* [EXERCISE DESCRIPTION] Only the lines from the one with "113 Lori Streetprattville — Photo 49" through the final line below belong in the answer, copied exactly and without pictures.

[SUPPLIED MATERIAL — start]

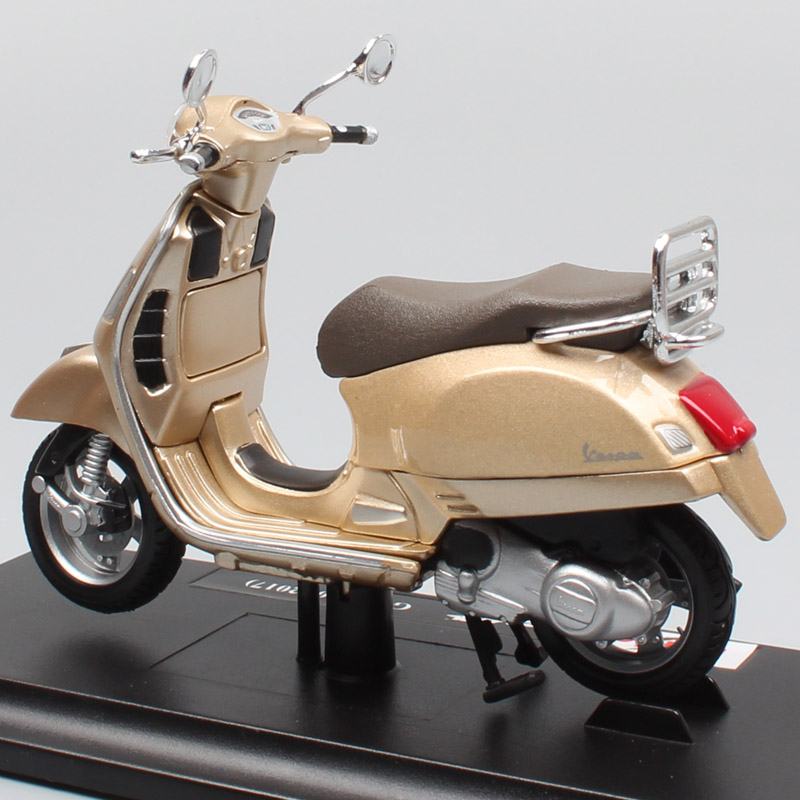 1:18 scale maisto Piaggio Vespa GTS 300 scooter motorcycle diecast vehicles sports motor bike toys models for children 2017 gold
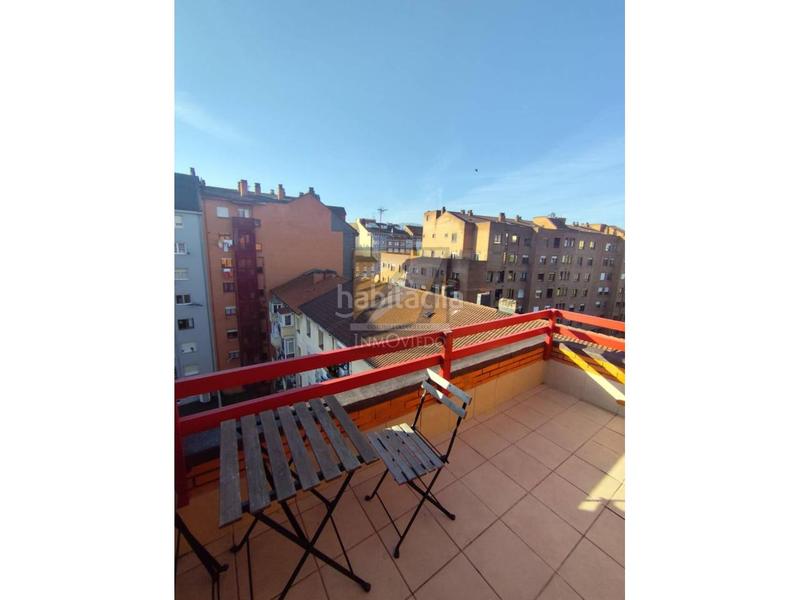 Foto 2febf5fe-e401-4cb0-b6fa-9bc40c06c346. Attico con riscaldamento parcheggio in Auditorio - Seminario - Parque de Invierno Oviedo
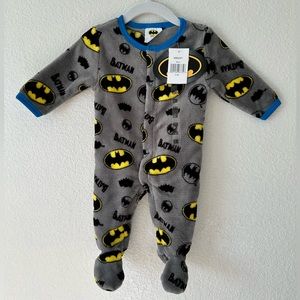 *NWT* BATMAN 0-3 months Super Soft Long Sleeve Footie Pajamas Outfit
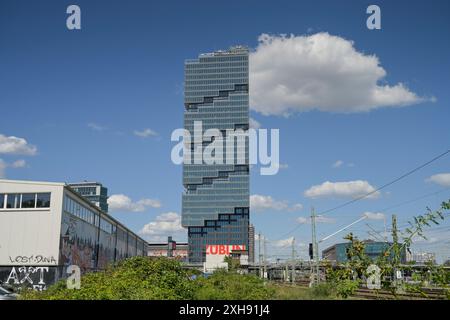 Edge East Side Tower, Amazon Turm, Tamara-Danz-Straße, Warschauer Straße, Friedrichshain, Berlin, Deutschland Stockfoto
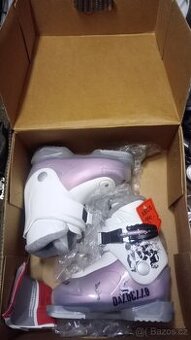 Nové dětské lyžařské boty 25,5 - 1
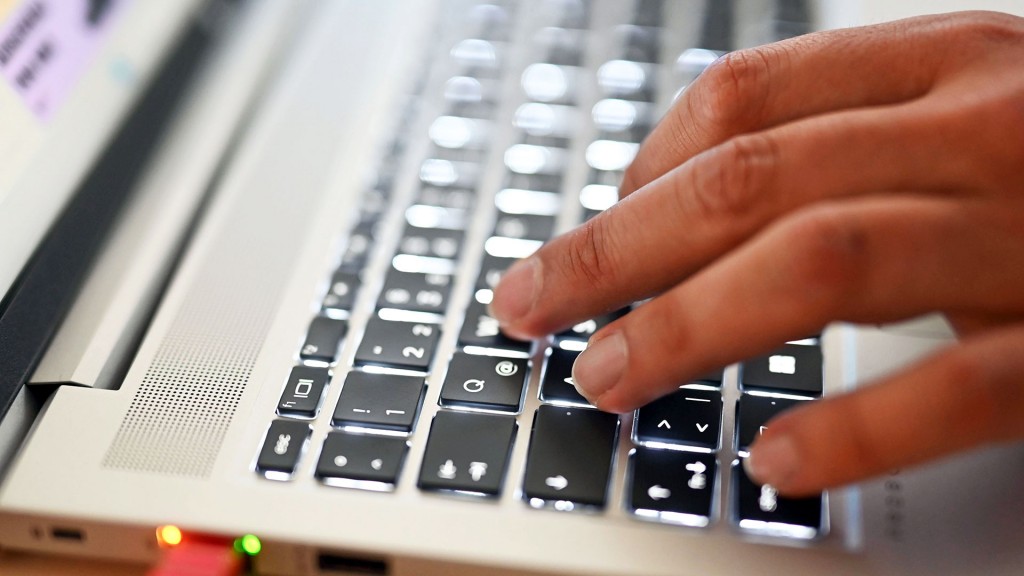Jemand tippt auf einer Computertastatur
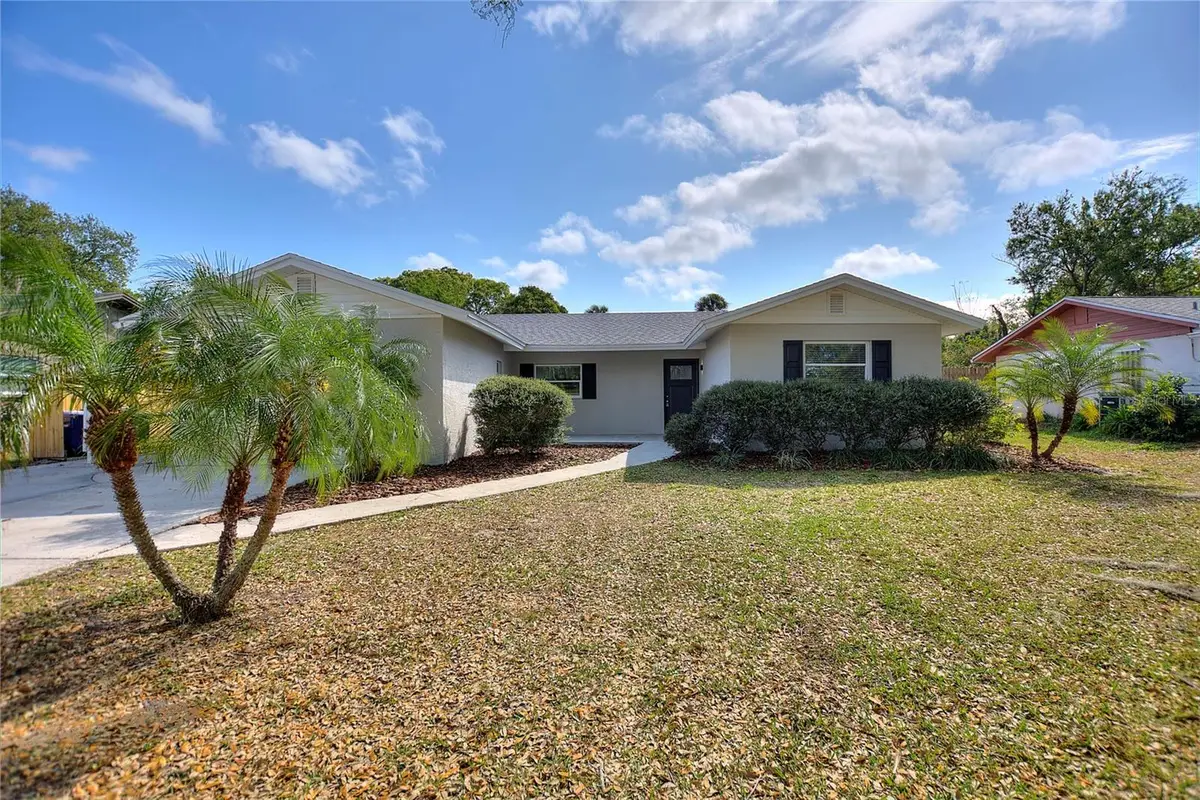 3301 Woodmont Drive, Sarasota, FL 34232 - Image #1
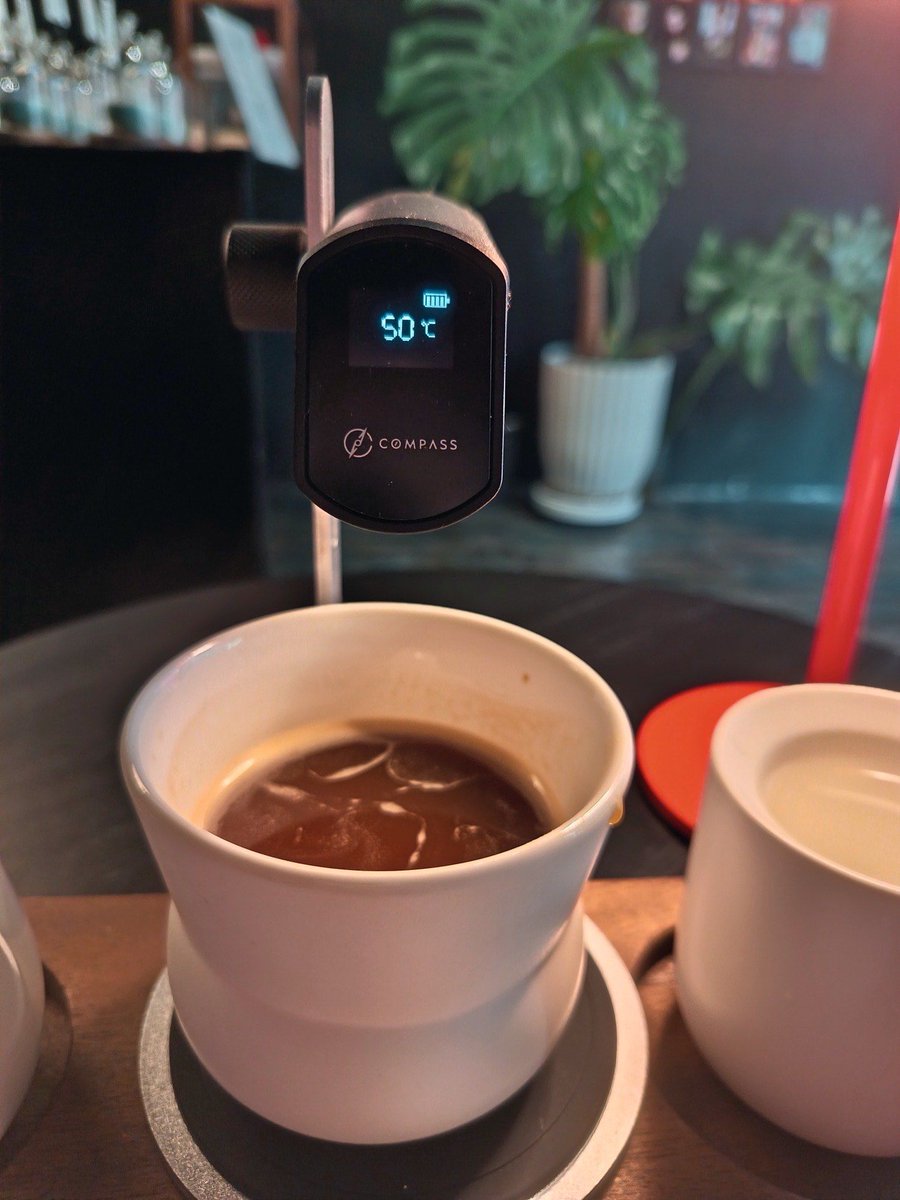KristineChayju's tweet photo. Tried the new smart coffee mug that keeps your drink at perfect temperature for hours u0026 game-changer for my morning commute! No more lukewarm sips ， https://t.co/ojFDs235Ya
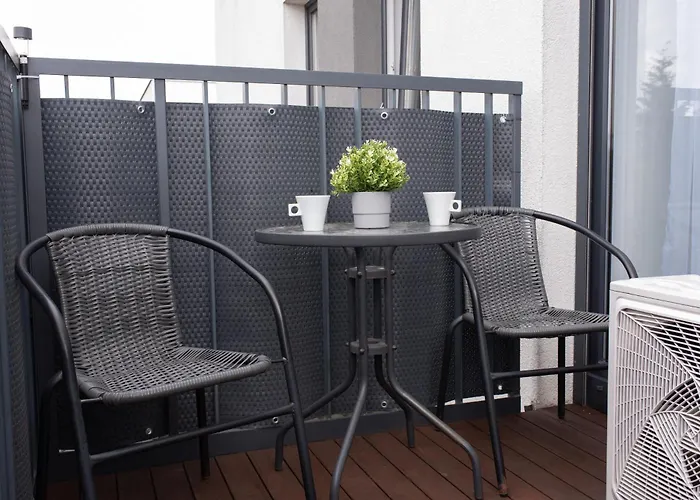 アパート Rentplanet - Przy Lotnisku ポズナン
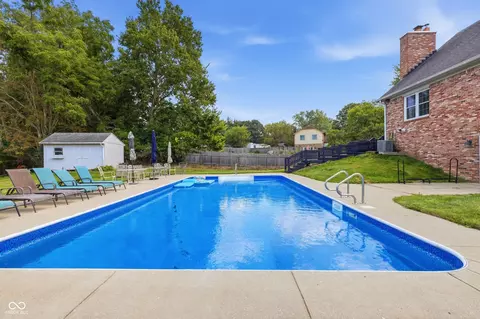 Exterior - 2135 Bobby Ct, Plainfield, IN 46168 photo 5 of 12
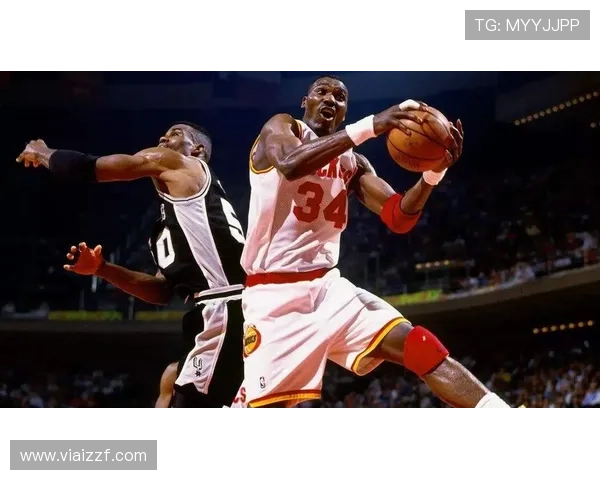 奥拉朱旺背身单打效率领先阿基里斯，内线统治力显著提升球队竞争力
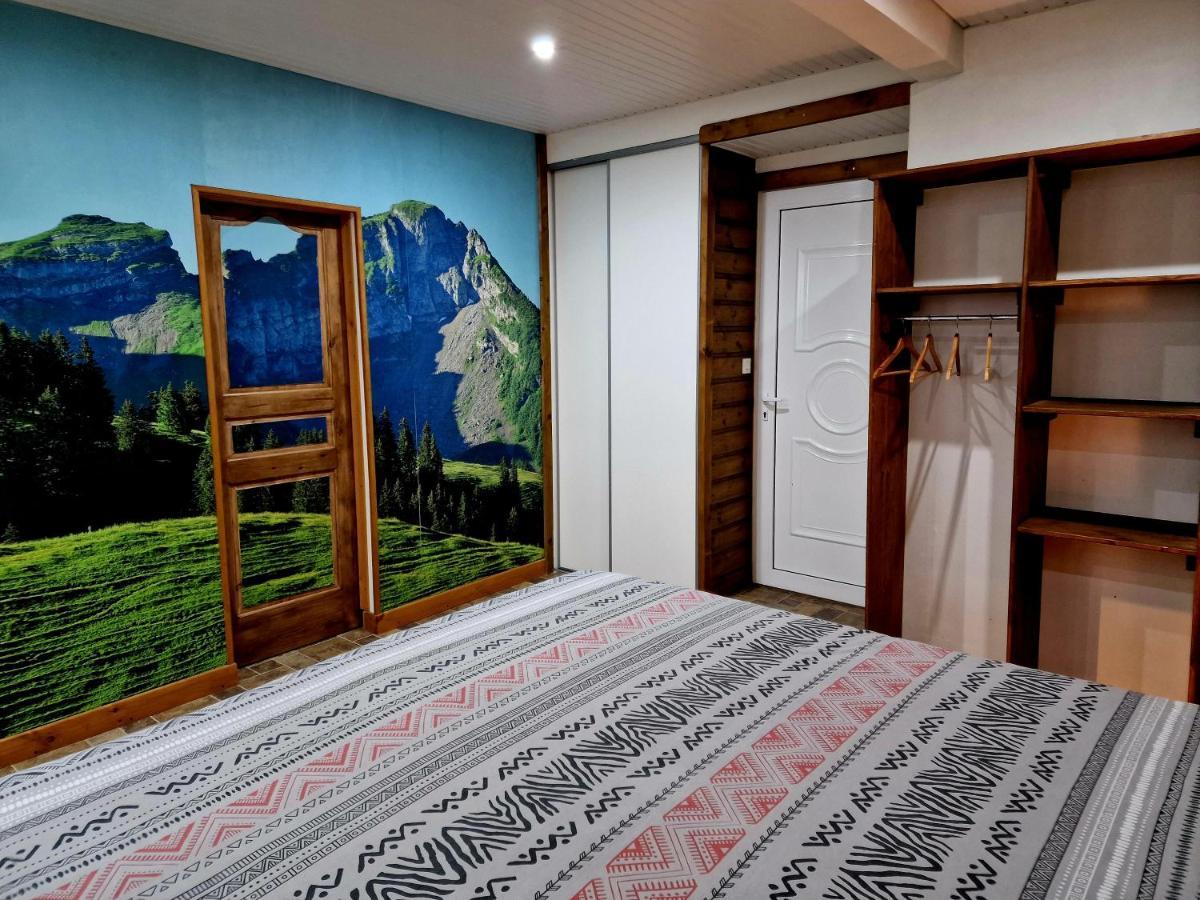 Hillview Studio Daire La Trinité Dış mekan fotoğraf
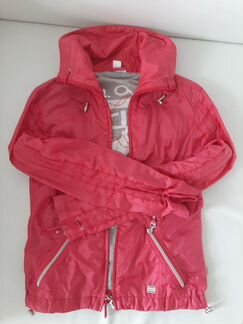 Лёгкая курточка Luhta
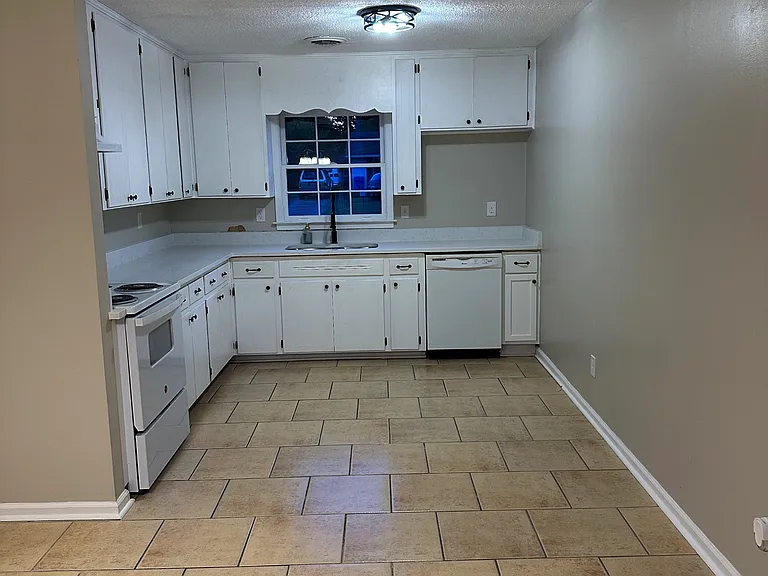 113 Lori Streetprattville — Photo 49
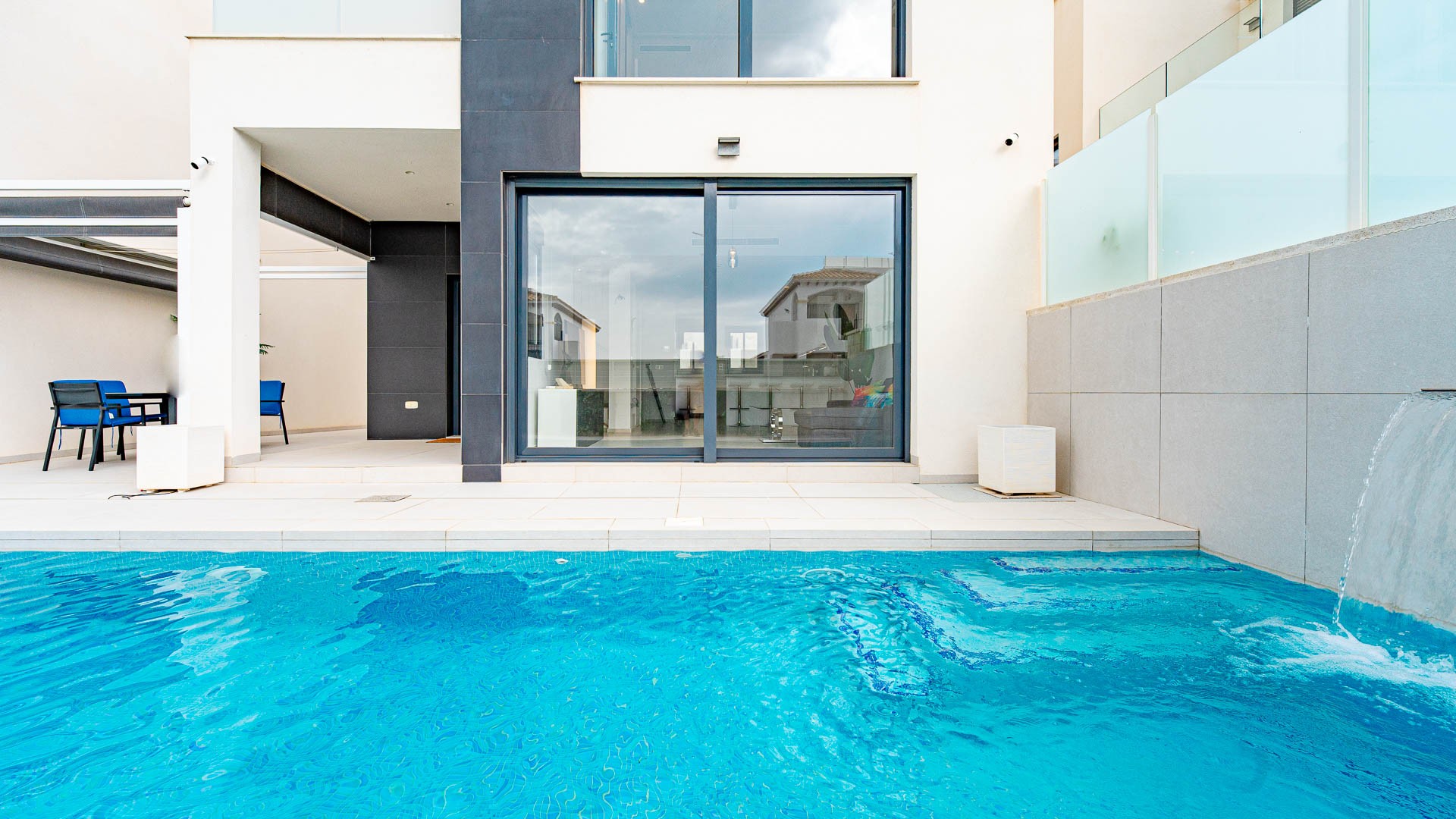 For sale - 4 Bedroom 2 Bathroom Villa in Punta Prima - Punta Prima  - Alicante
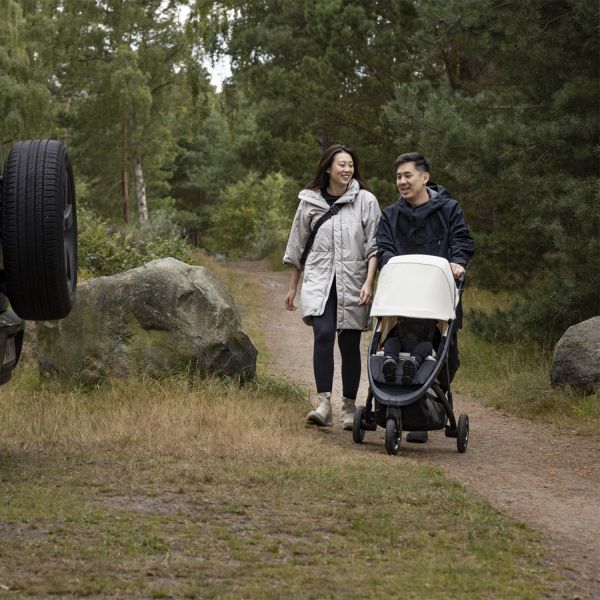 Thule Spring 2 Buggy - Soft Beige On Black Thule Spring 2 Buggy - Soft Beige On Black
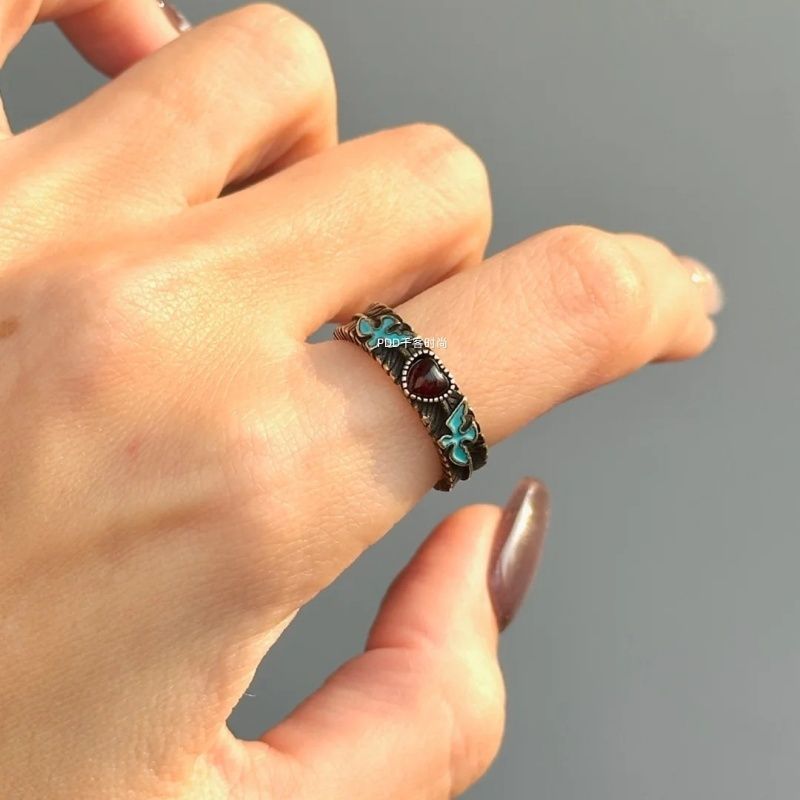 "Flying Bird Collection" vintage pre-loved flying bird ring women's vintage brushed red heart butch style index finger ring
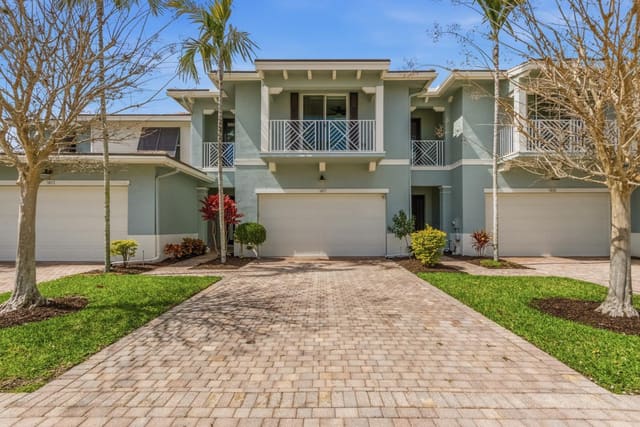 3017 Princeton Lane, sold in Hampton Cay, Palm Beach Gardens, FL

[SUPPLIED MATERIAL — finish]

* [ANSWER SPACE]
 113 Lori Streetprattville — Photo 49
 For sale - 4 Bedroom 2 Bathroom Villa in Punta Prima - Punta Prima  - Alicante
 Thule Spring 2 Buggy - Soft Beige On Black Thule Spring 2 Buggy - Soft Beige On Black
 "Flying Bird Collection" vintage pre-loved flying bird ring women's vintage brushed red heart butch style index finger ring
 3017 Princeton Lane, sold in Hampton Cay, Palm Beach Gardens, FL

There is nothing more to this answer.